La Manufacture Cogolin
- Industry: Interior Design
- Founded: 1924
- Headquarters: Cogolin, France
- Area served: Worldwide
- Website: La Manufacture Cogolin

= La Manufacture Cogolin =

French hand-woven rug manufacturer

La Manufacture Cogolin, formerly known as La Manufacture des Tapis de Cogolin, is a high-end hand-woven rug manufacturer based in Southern France, founded in 1924.

==History==
Founded in the village of Cogolin in the Provence-Alpes-Côte d'Azur France, La Manufacture Cogolin was launched by Jean Lauer as a producer of silk. In 1928, the company purchased handlooms, featuring a Jacquard mechanism combining needle, cylinder, and punch-card components, and began weaving rugs.

==Products==
The rugs are available in a large number of patterns from the firm's archive, which dates back to its origins. Weavers work by hand in panels ranging from 50 centimeters to 3 meters, which are then stitched together in the desired final dimensions, resulting in an offering of traditional, custom-made geometric and plain textured rugs, wall-to-wall carpets, and flat-woven floorcoverings in wool, cotton, linen, raffia, and silk.

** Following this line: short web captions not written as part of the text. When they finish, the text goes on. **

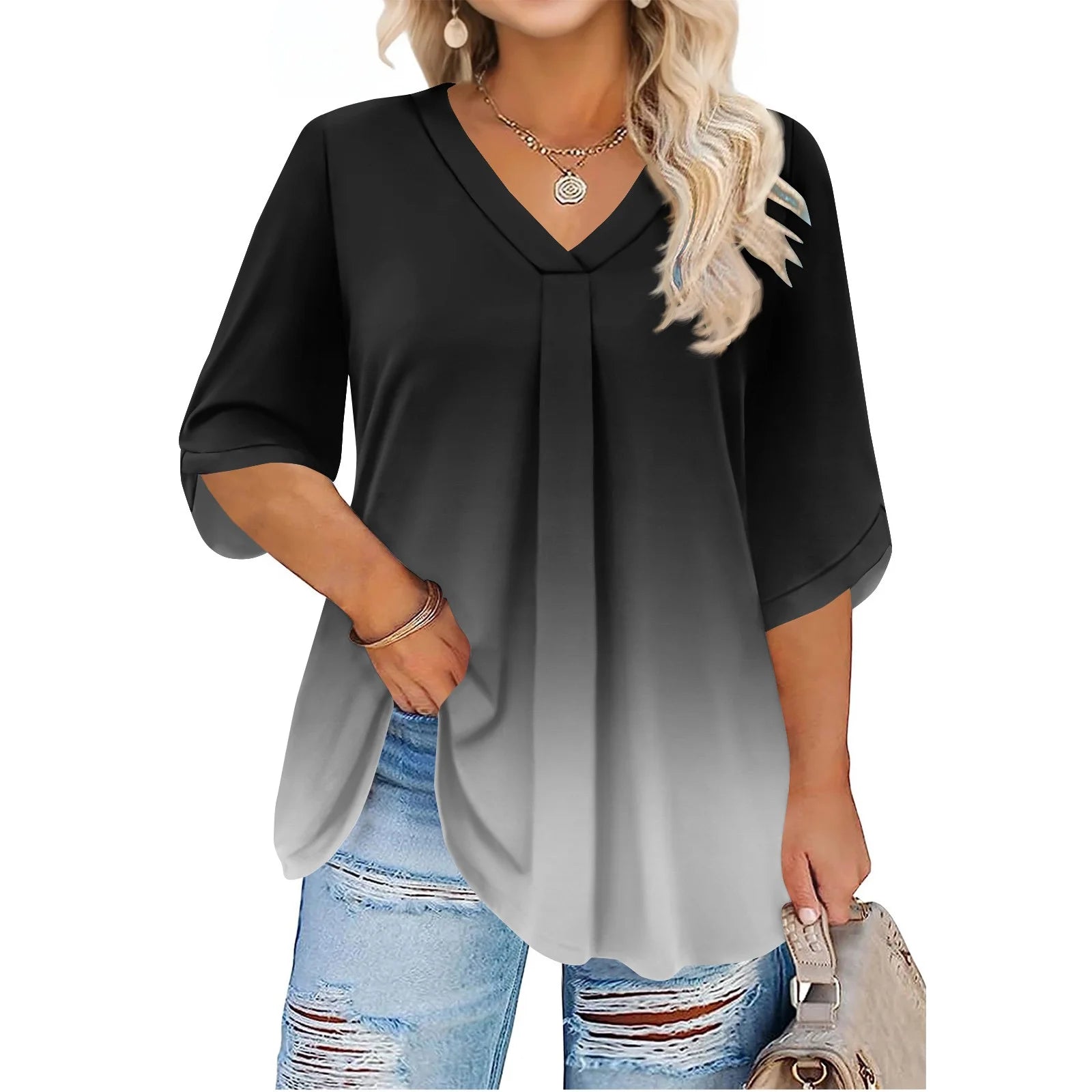 plus Size T Shirts for Women Loose Fit Sexy Tees Shirt 3/4 Sleeve V Neck Gradient Print Blouses 4X-5X Tunics Blouses 3Xl,Black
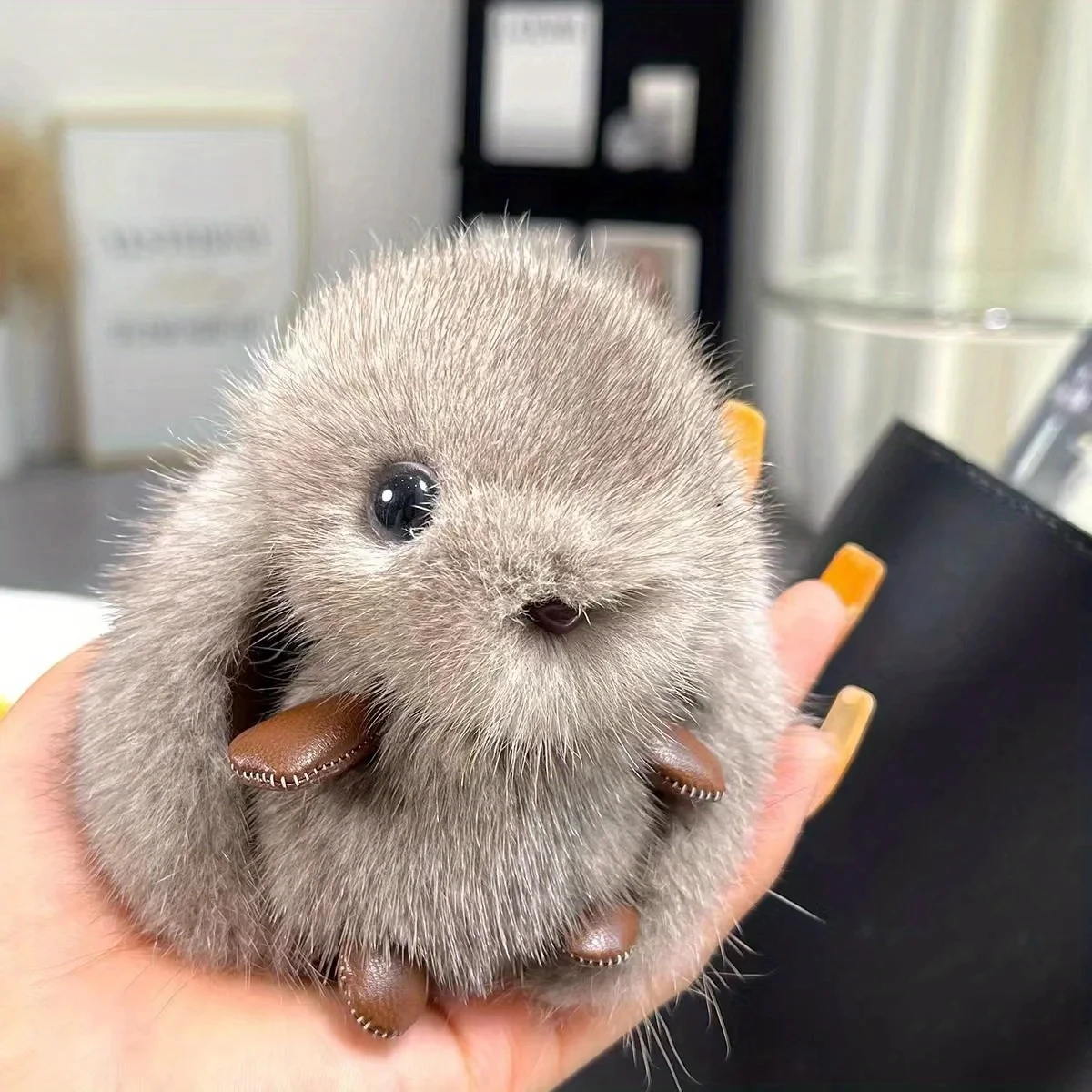 Bunny Stuffed Animal Plush Toy Rabbit Fur Keychain Fluffy Soft Chain Gift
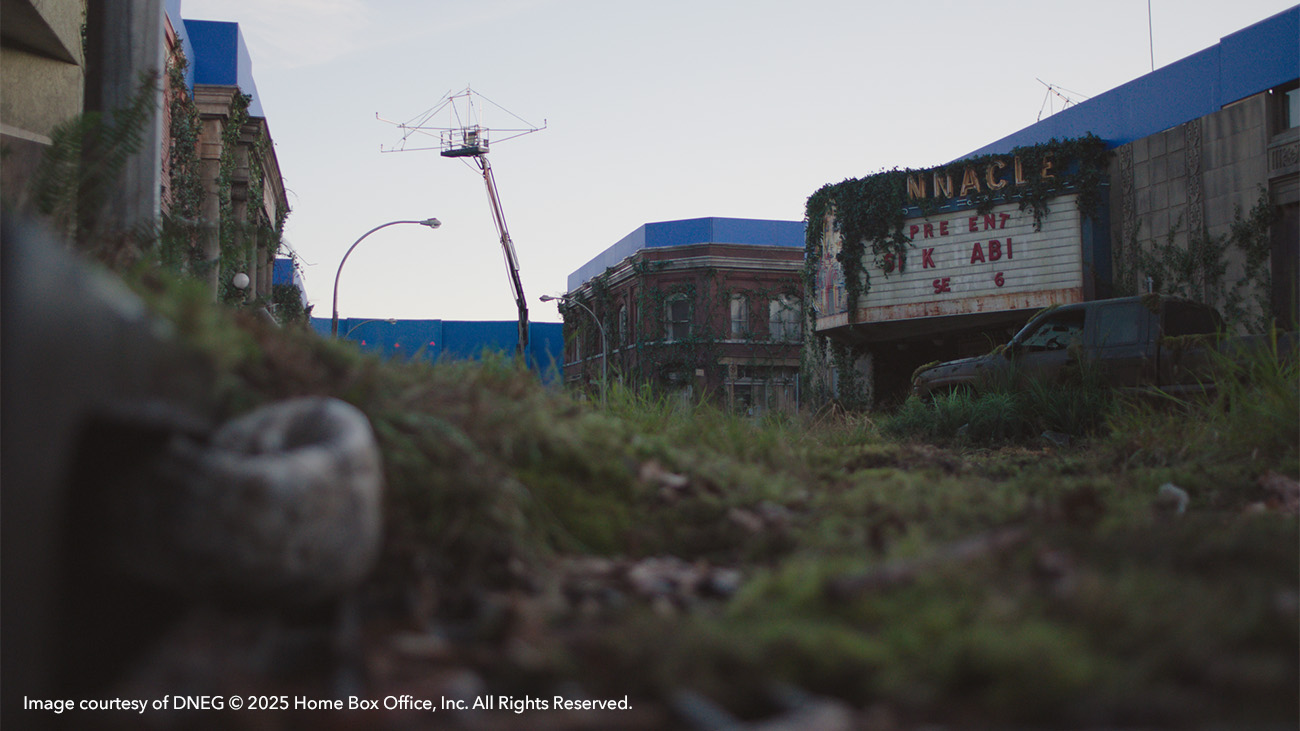 Blue screen plate of the abandoned theater in The Last of Us Season 2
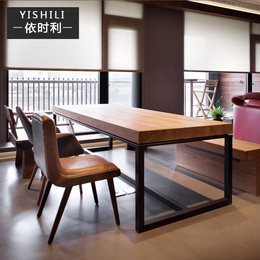 美式loft居家餐桌铁艺做旧全实木咖啡厅桌长方形6人8人小户型餐桌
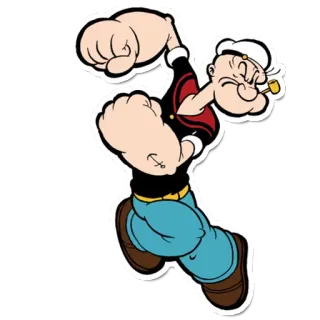 💪 Popeye desenho animado, marinheiro, cachimbo, animado, clássico telegram sticker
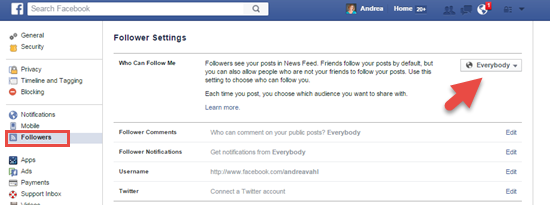 Facebook Follower Settings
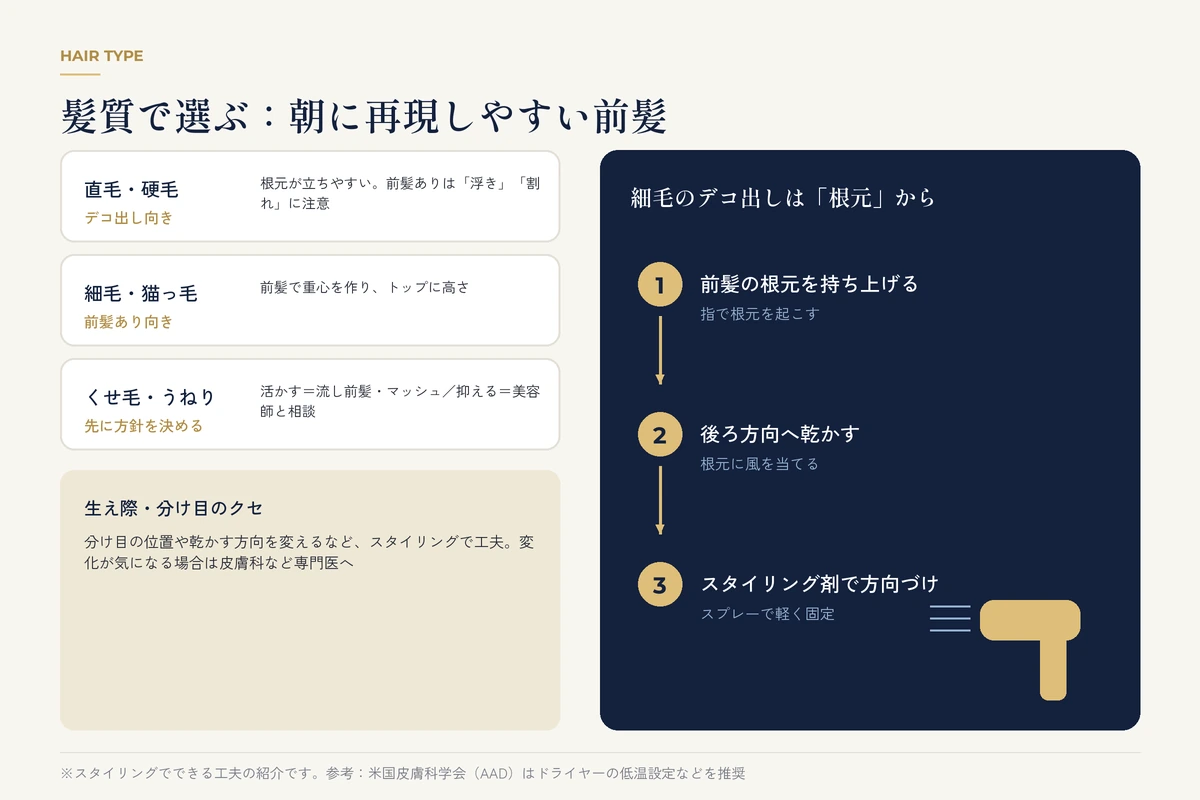 髪質別の前髪の選び方と、細毛のデコ出しで根元を起こすドライヤーの手順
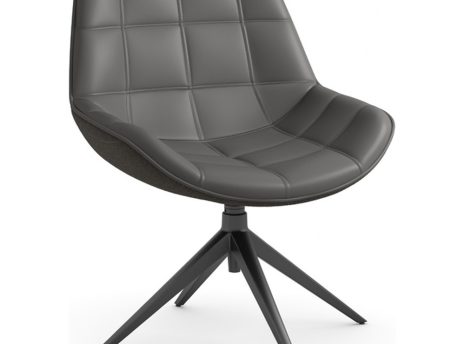 8201BLKMSCHAR0408 - BUCKET LOUNGE CHAIR 4 PRG MEM SW SPD BS-CHARCOAL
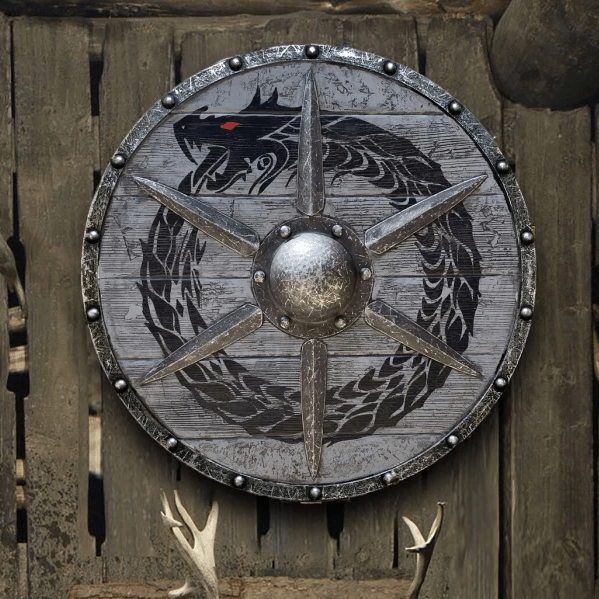 WorldNorse Raven Dragon Battleworn Viking Shield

The carpets are intended for use in embassies, luxury hotels, and high-end private residences.

==Renaissance==
Acquired in 2010, the company has been revitalized, from a restoration of its original Provence workshop to a redesign of its visual identity. In June 2012, the firm opened its doors again to the design community in Paris, with a new showroom on rue des Saint-Pères.